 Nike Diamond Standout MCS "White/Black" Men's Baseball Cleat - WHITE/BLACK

#####

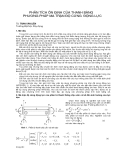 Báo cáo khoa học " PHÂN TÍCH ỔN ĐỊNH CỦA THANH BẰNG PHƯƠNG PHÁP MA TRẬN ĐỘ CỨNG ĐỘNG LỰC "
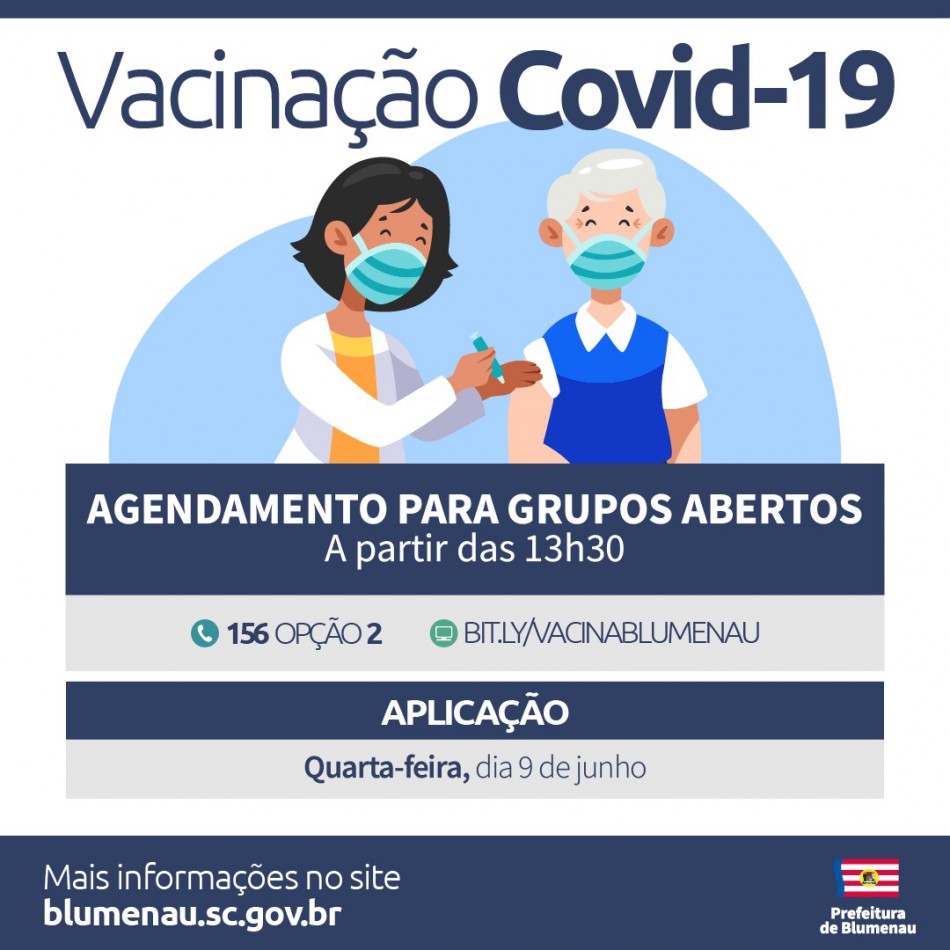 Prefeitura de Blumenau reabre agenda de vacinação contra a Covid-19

#####

From the listing above, repeat only the lines between the line containing "Báo cáo khoa" and the line containing "Prefeitura de Blumenau", those two included. Pictures are not part of the copy.

**Response**
 Báo cáo khoa học " PHÂN TÍCH ỔN ĐỊNH CỦA THANH BẰNG PHƯƠNG PHÁP MA TRẬN ĐỘ CỨNG ĐỘNG LỰC "
 Prefeitura de Blumenau reabre agenda de vacinação contra a Covid-19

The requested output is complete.